Among the two major types of diabetes, type 1 diabetes mellitus (T1DM) is an autoimmune disorder which is characterized by the attack of the body’s immune cells on insulin-producing β cells in the islets of Langerhans of the pancreas [3]. In contrast, type 2 diabetes mellitus (T2DM) is characterized by either insufficient synthesis of insulin or by insulin resistance at the receptor level which leads to build-up of the glucose in the blood [4].
T2DM majorly accounts for 90–95% of the diabetic cases and is result of mainly excess body weight and physical inactivity. This can be controlled by oral medication and change in lifestyle. Very few cases need insulin administration in T2DM. Whereas, in T1DM, which accounts for 5–10% of total diabetic cases, there occurs destruction of pancreatic β-cells, culminating in absolute insulin deficiency. Diabetic complications in such cases continue to be a major cause of morbidity and mortality [5].
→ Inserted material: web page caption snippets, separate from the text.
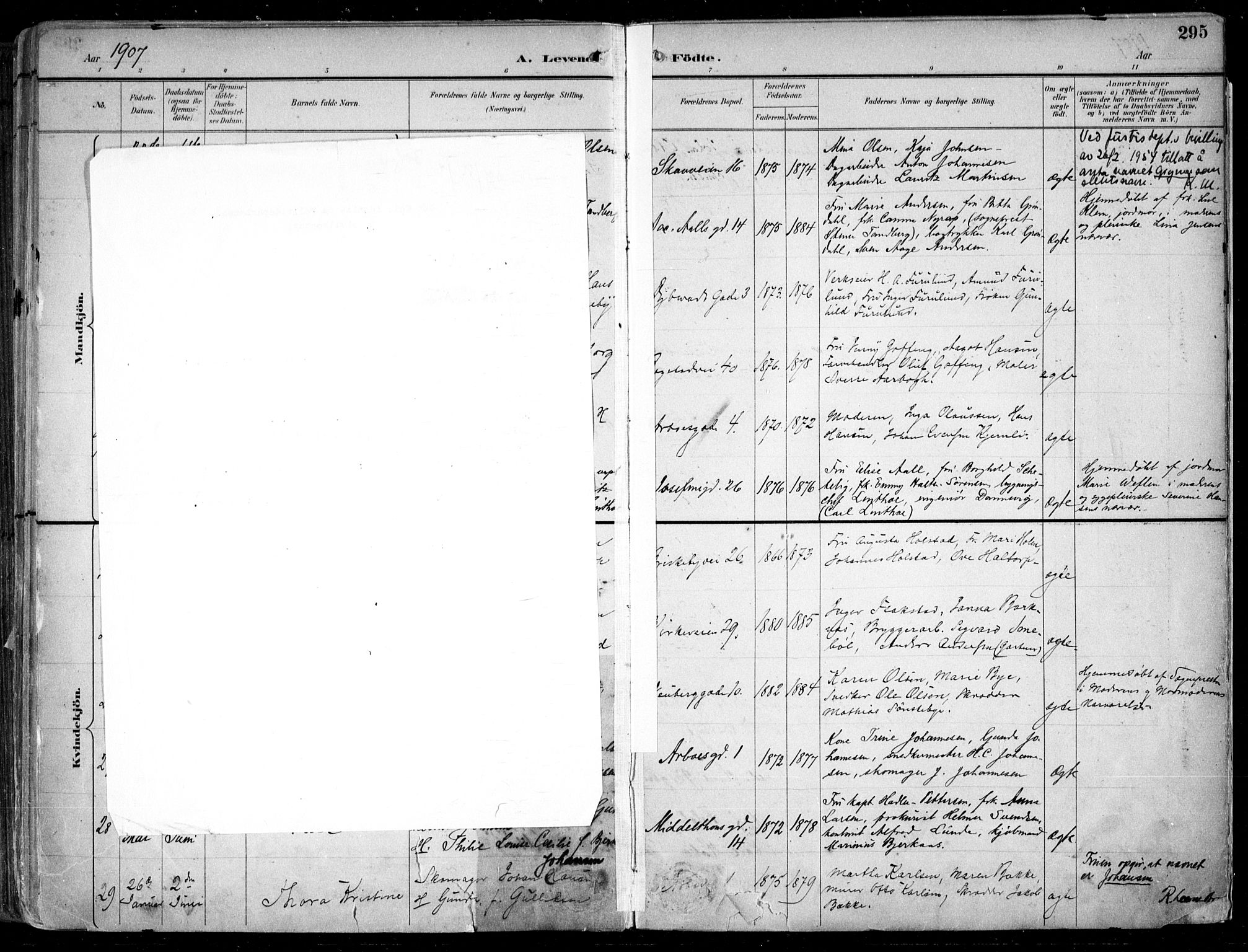 Uranienborg prestekontor Kirkebøker, AV/SAO-A-10877/F/Fa/L0005: Parish register (official) no. 5, 1895-1907, p. 295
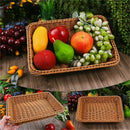 Light brown simple fashion hand-woven storage basket rattan food fruit bask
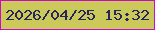文字の大きさ：5、枠の色：cc09cb、背景の色：cbc95a、文字の色：28255d 無料ブログパーツのブログ時計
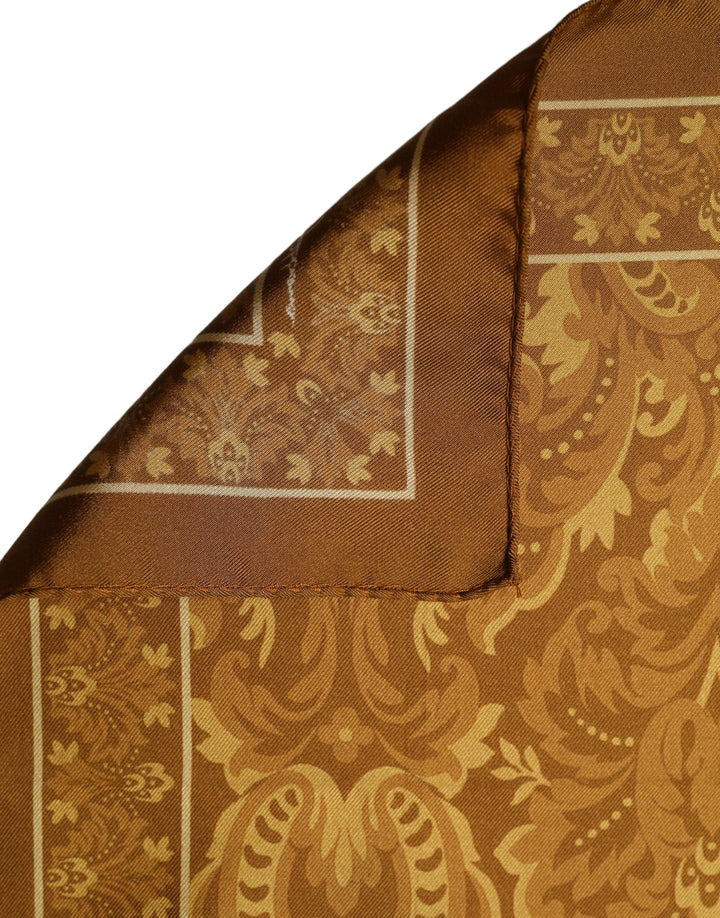 Dolce &amp; Gabbana Brown Silk Damask Pocket Square Foulard Scarf
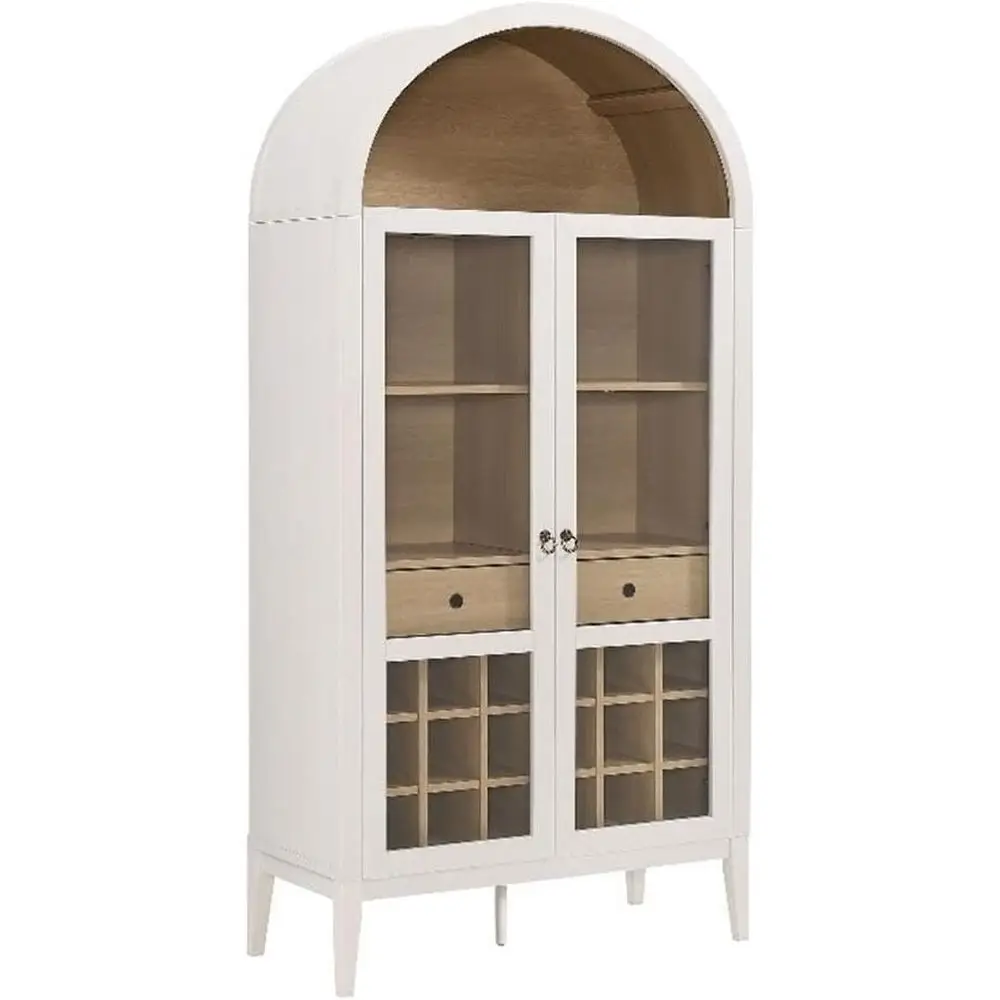 

Ivory 72 Arched Bar Cabinet with Glass Doors & Wine Rack - Tall Storage for Dining or Living Room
At present, exogenous insulin therapy is the most reliable treatment for managing hyperglycemia caused by T1DM. However, its short life span and cost has come up as limiting factor for this treatment. The short life span of insulin makes it very difficult to keep constant control over glucose level using insulin and hence, its administration becomes critical [6, 7]. Thus, insulin therapy only acts as a life saving measure, but it is not the cure. Therefore, alternative therapies to cure diabetic patients with insulin deficiency have become the major focus of research over past few years. One potential therapy for diabetic patients is infusion of donor islets of Langerhans into the hepatic portal vein. In this procedure, islets containing the insulin-secreting β cells are transplanted from a cadaveric donor to the patient. This procedure has been found successful in relieving T1DM patients from insulin therapy to some extent. However, there exists variation in quality of donor cells which further leads to variations in the success of results. Moreover, it is evident that the limited supply of cadaveric donor islets cannot meet the requirement of ever increasing number of diabetic cases in today’s population [8, 9]. Furthermore, apart from the shortage of organ donor and need for immunosuppressants, this method poses several challenges such as technical difficulties involved in isolation, culture and characterization of islets. In this scenario, stem cell transplantation has emerged as an attractive and promising alternative method for diabetic treatment. It has become major focus for diabetic treatment since last few decades [9].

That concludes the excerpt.